Syd has worked on the farm since he was 11. When his dad fell ill with pneumonia, Syd’s grandpa pulled him out of school for the first time to come and help with the sowing.

“I could hardly believe my luck!” said Syd.

“Grandpa was a semi-invalid and not familiar with Dad’s new tractor and combine seeder, but he took charge and changed the shifts. Our employee Ken got the night shift, and loaded the truck, while Grandpa and I did the day shift. I drove the tractor and Grandpa rode sitting on the combine seeder box during the 12-hour day shifts. It was far more educational than school to my mind and I loved that week!”

After that sowing in May 1955, in the Spring of 1955, Syd drove the tractor pulling the reaper and binder, making sheaf hay. His job, when the hay was trucked in, was to cut the twine off the sheaves as they were forked from the truck onto a platform and push the hay along to his dad, who fed it into the chaff cutter. “That was all a totally elating experience for me and I felt like a grown-up, working with the men.”

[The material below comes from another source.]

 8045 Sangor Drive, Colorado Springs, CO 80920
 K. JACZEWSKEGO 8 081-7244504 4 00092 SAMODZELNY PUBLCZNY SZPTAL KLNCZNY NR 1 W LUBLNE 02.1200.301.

Later on, and with daughters of his own, Syd described harvest time as a family affair. He recalls the first harvest with everyone on board, being a great crop, with a thousand acres of wheat to strip using a 14-foot PTO header pulled by a tractor.

“As always, my wife drove the truck, I drove the tractor and header, my 15-year-old daughter drove the tractor and chaser bin, the 13-year-old was the cook, helped by the 11-year-old who delivered the lunch and smokos to the paddock. The big twenty-ton mobile field bin had my faithful old Massey Harris 55K powering it.”

Today, Syd’s sheds are a time capsule full of old machinery, including fourteen tractors – one from 1925. After a coincidental purchase of some hay making machinery from a friend in 1974, Syd started into hay making.

“I’ve always been interested in hay. And it just so happened that during those years where we had little or no crop, the hay making machinery was wonderful to have. South of here, they had enough rain to start crops but not to finish them, so I made a lot of money contract hay making.”

Syd was kind enough to share his story and some photos of his collection with GrainGrowers. If you have some photos to share, we’d love to see them!

Photos provided by Sydney and Della Brown

The header is a David Shearer, equipped with a bulk-handling trailer bin, and pulled by a Massey Harris 55K tractor.

They were the biggest tractor available in the early-1950s, and the nicest to drive. The radiator never overheated, the steering was through a magnificent recirculating ball steering box that was better than power steering, the gearbox was silent due to expensive helical-cut gears, the driver’s seat was beautifully suspended, very comfortable even in rough conditions. The engine was fitted with a Nelson exhaust muffler which made it very quiet. I still have mine in a machinery shed.

The combine seeder, attached to the 55K tractor, is a 14-foot Horwood Bagshaw built in Australia in the mid-1950s.